As mentioned previously, a hot oven isn't a placid space with even heat throughout. And while rotating your pans will usually avoid any problems associated with the natural temperature variations that exist, getting to know them personally will help you keep even further ahead of trouble. To generate a heat map of your oven, simply sprinkle some shredded coconut onto a baking sheet and put it in your oven after it has preheated to 350 degrees Fahrenheit. Keep an eye on it through your nicely cleaned window, and pretty soon the hotspots will be revealed in the form of browned coconut. This test also comes with a bonus in the form of a delicious snack, so feel free to do it every time you plan to cook.

Install an oven thermometer

Set your oven to 350 degrees Fahrenheit and it would be natural to assume that's the temperature you'll get when it's done preheating. But the truth is, even with a shiny new oven, you don't always get what you ask for. And for the most part that probably isn't much of a problem. It doesn't take much surprise charcoal to let you know your oven runs hot, but you could avoid the risk entirely by simply installing an oven thermometer.
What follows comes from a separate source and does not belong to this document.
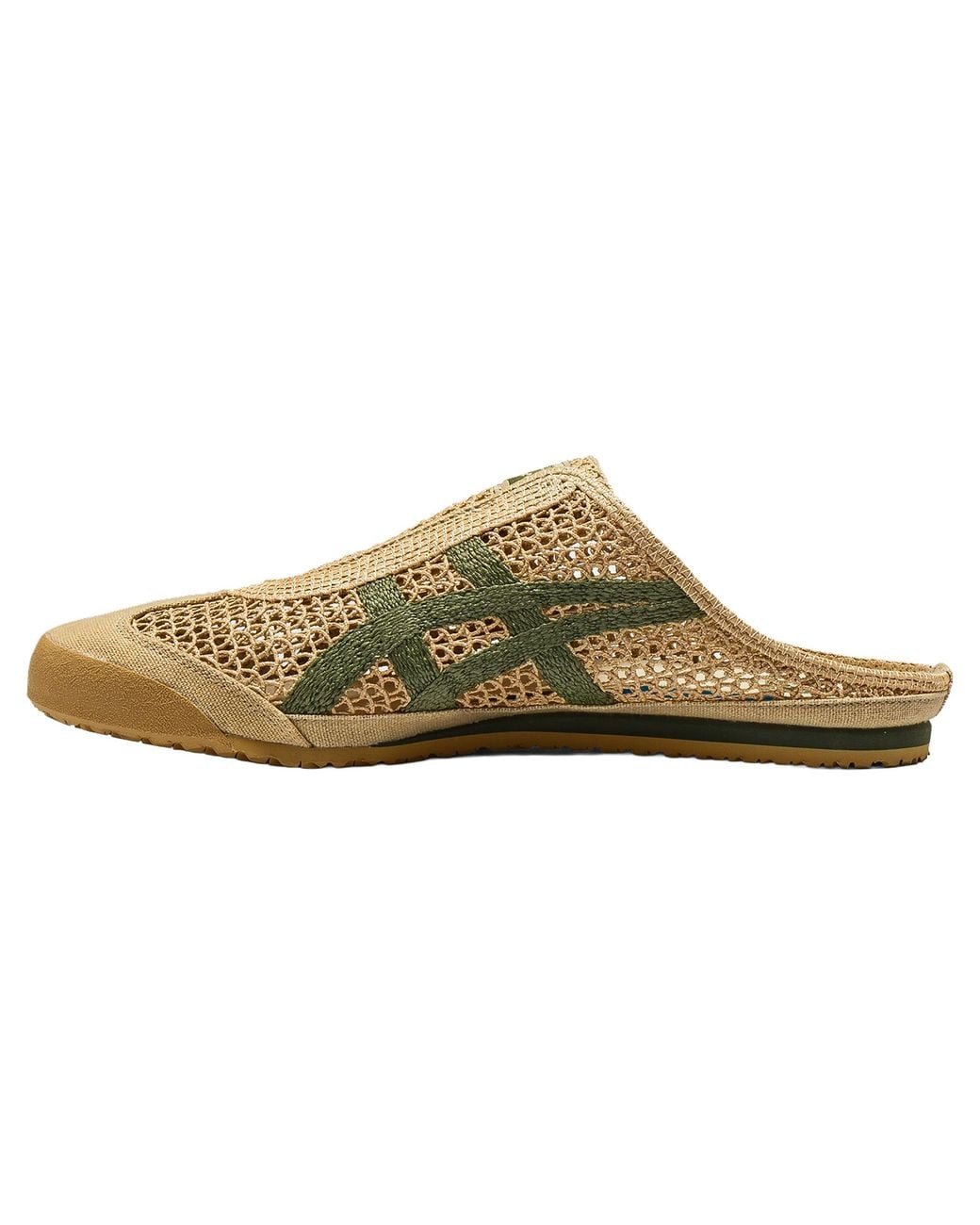 Onitsuka Tiger Black Tiger Mexico 66 Sabot 1183C123 252" for men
They come in many different styles, and cost from very little to as much as you care to spend. But no matter which one you end up sticking in your hot box, you will instantly appreciate having an independent observer in there to tell you what's actually going on. Because although you can always compensate based on long suffering experience, actually knowing your oven is set at the correct temperature allows you to follow recipes exactly, worry less, and improve your chances of the final result looking just like it does in the book. And who knows, you might even find out your oven was telling the truth all along.

Calibrate it if you need to

Installing a thermometer is a good way to discern the true temperature in your oven, but constantly peering through the glass, or repeatedly opening the door (if the glass is too dirty to see through) is still a pain in the behind. It's much easier all around if your oven would just get it right, and you might not be aware but you have the power to make that happen. Methods vary depending on the model, so start by taking a look in the manual. If you don't have it, you can try Appliance411, or look up your model online. Adjustment amounts vary, but if your oven is out by 50 degrees, even a 35-degree improvement is nothing to complain about. Extreme adjustments might require professional assistance, or you can just go back to using the oven thermometer. You can't win them all, or maybe you can, you never know until you try.

Be safe

Many delicious baking adventures await you and your revitalized oven, but don't forget the most important way to get the most out of your oven: be safe. Burn injuries are nobody's idea of the perfect side dish, so take care and always assume your cookware is hot. Be careful when opening the oven, because a cloud of steam hitting your face at 400 degrees will give anyone a ruddy complexion to regret. And anywhere there's heat, there's risk of fire, and although you might always have dreamed about dating a firefighter, having 10 of them show up at once is probably not the best way to start exploring that fantasy.